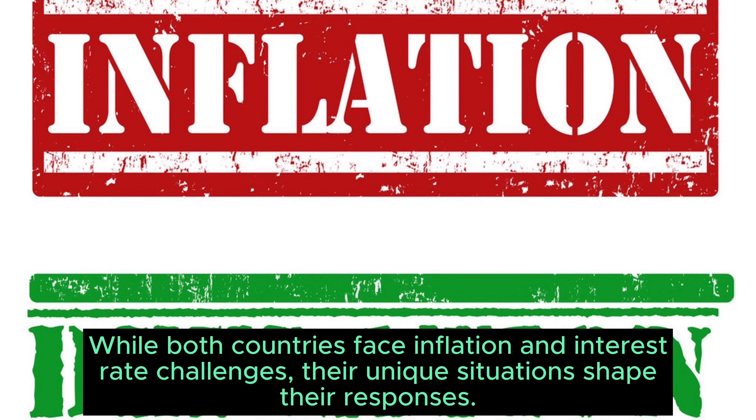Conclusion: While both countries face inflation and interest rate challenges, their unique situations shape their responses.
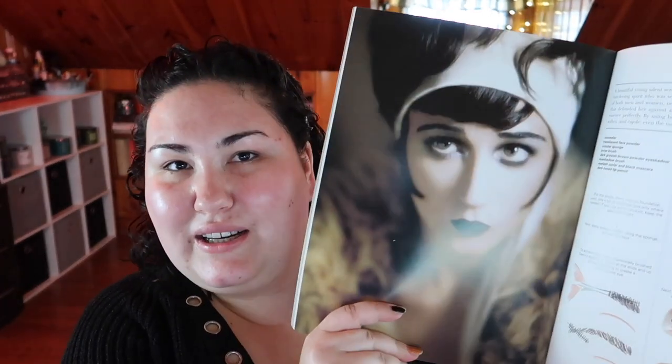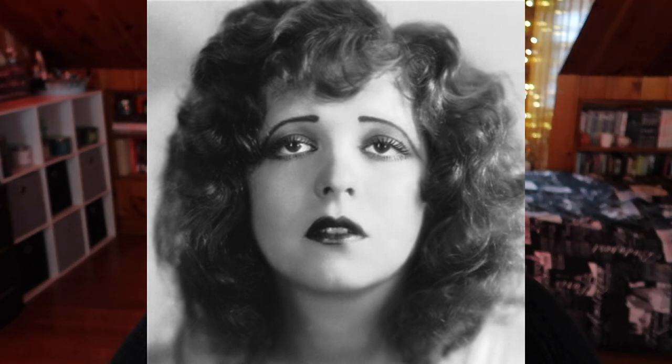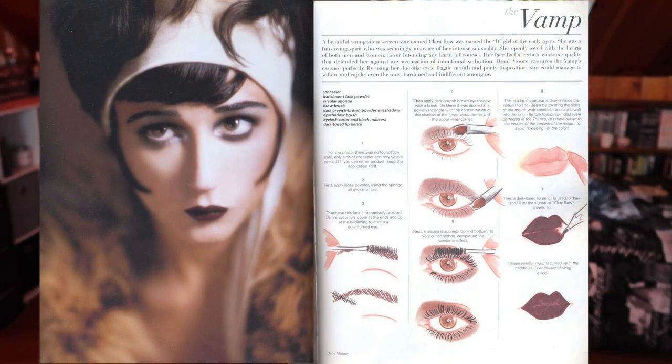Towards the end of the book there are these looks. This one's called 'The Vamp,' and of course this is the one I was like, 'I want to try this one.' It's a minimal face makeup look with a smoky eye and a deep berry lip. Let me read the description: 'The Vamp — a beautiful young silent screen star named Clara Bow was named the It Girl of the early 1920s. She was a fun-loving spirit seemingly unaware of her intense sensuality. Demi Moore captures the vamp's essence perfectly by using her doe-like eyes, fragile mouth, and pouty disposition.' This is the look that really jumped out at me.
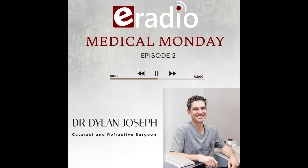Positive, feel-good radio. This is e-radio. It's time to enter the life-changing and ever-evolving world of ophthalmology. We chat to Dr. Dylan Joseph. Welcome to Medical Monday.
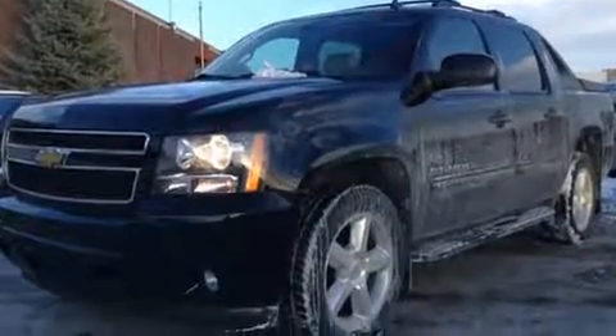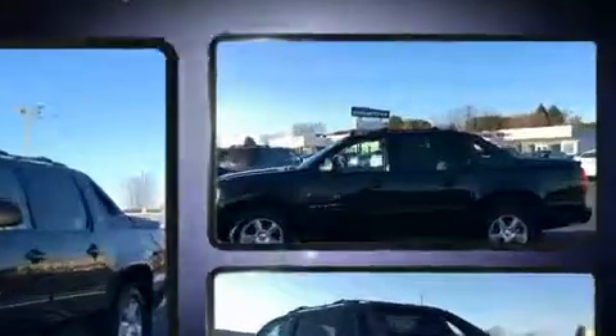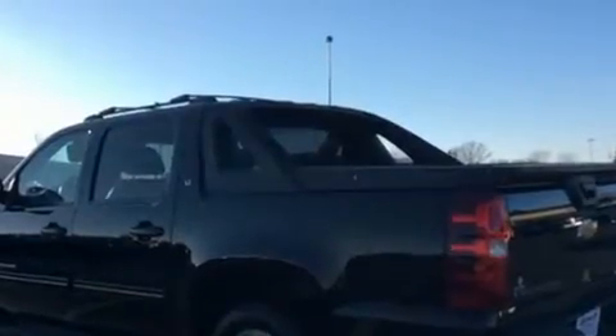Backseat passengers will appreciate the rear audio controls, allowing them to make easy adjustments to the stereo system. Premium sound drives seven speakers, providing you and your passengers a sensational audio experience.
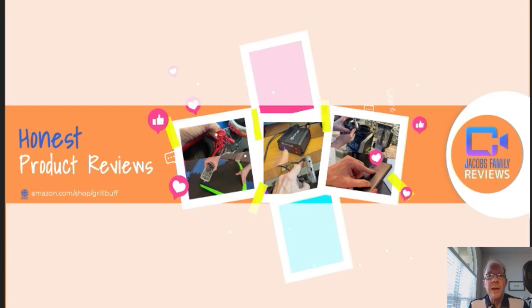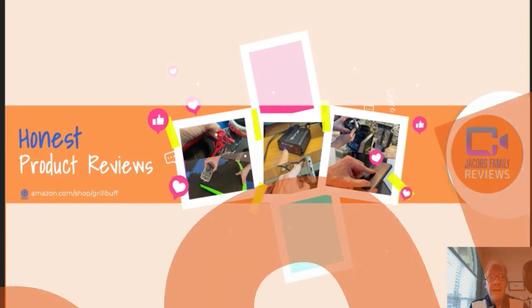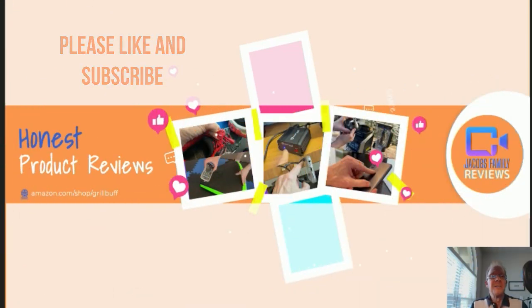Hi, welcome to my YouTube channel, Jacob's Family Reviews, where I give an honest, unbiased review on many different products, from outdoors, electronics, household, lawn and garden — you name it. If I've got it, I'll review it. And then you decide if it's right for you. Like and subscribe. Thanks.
● ● ● ●
Problem description – Take the entries above and set them down exactly, minus the pictures.

Answer space –
Conclusion: While both countries face inflation and interest rate challenges, their unique situations shape their responses.
Towards the end of the book there are these looks. This one's called 'The Vamp,' and of course this is the one I was like, 'I want to try this one.' It's a minimal face makeup look with a smoky eye and a deep berry lip. Let me read the description: 'The Vamp — a beautiful young silent screen star named Clara Bow was named the It Girl of the early 1920s. She was a fun-loving spirit seemingly unaware of her intense sensuality. Demi Moore captures the vamp's essence perfectly by using her doe-like eyes, fragile mouth, and pouty disposition.' This is the look that really jumped out at me.
Positive, feel-good radio. This is e-radio. It's time to enter the life-changing and ever-evolving world of ophthalmology. We chat to Dr. Dylan Joseph. Welcome to Medical Monday.
Backseat passengers will appreciate the rear audio controls, allowing them to make easy adjustments to the stereo system. Premium sound drives seven speakers, providing you and your passengers a sensational audio experience.
Hi, welcome to my YouTube channel, Jacob's Family Reviews, where I give an honest, unbiased review on many different products, from outdoors, electronics, household, lawn and garden — you name it. If I've got it, I'll review it. And then you decide if it's right for you. Like and subscribe. Thanks.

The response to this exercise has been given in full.